624: Sunflowers in the Median
624: Sunflowers in the Median
Transcript
I’m Ada Limón and this is The Slowdown.
When I was seventeen, I graduated early from high school, and moved to Germany to follow my boyfriend who had moved there with his father. The goal was to travel as much as we could on the very little money we had saved up from working through high school. We could use his father’s house as a home base. He lived in a little town called Wixhausen and from there we went to Spain, France, England, Austria, The Netherlands, Belgium, Switzerland, and Czechia. Mostly by train. Mostly staying in hostels or camping. Mostly fighting and then making up again.
We weren’t home in Germany too often, but when we were, one of our favorite places to go was a little Italian restaurant that was a few miles away. It was cheap and served us wine. We’d walk there, across the train tracks, and through backroads, and…miraculously…past a field of sunflowers. I remember being so taken aback by how many sunflowers there were. It felt like being attacked by beauty. I loved that field so much and I remember thinking that I could be a sunflower seed farmer just to be around all those big-faced flowers part of the year.
What is it about noticing beauty that brings you out of yourself and returns you to yourself? I remember three or four sunflowers growing in a little plot of dirt in Brooklyn each early summer and I’d delight in rooting for them. I loved and still love rooting for beauty, for awe, for those unexpected visions that make life a little easier to manage.

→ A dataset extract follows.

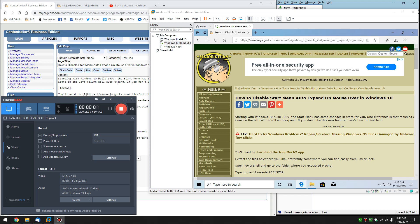Hey Geeks, Tim Tibbetts here with MajorGeeks.com. Today we're going to show you how to disable the Start Menu Auto Expand when you mouse over in Windows 10.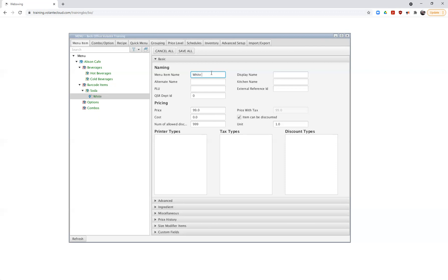I'm going to go ahead and put in my item name — White Rock Seltzer Lime — and I won't fill anything else in for names. I can also put in a price for my item. If no taxes are set up in your system, you'll see blanks in those places — we'll come back and explore tax assignments and printer type assignments later on. I'm going to go ahead and give this a price of $1.99.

Right now, there’s snow on the ground still, and there’s not much green to be seen. But I have made a wall of plants in our living room window. And I am rooting for them. They might not be an overwhelming burst of golden wonders, but they are green and living and they remind me that I am living too.
In today’s vibrant poem, we see how the image of sunflowers can allow for a sort of grace. I love this poem for its appreciation of unexpected beauty.
Sunflowers in the Median
by Natalie Homer
Everything is a union of one kind or another. Foothills know this. Highways too. In the median—wild sunflowers for miles. Cheerful, unassuming. They are no one’s bouquet. My dad and I try very hard to seem at ease with each other. We comment on the bison stampeding across the casino’s electric sign. Pixilated, their clouded breath leads them again and again over an imagined prairie. Later I will make this drive every day, memorize little landmarks: the row of cottonwoods, the peaked shelter at the reservoir’s edge, the water towers marking the reservation. I will become so sick of the sagebrush, the snow and the sun, an incessant blue sky, that I’ll wilt to think of this place being home. But today it’s a morning I’m not sorry to be awake for, so that’s something. And no one mourns a coyote with his russet head resting on the road’s shoulder. Neither does the ditch fire elicit sympathy. The sunflowers did not teach me this, but their small faces look so cheerful bouncing in the slipstream of traffic— I will believe anything they say.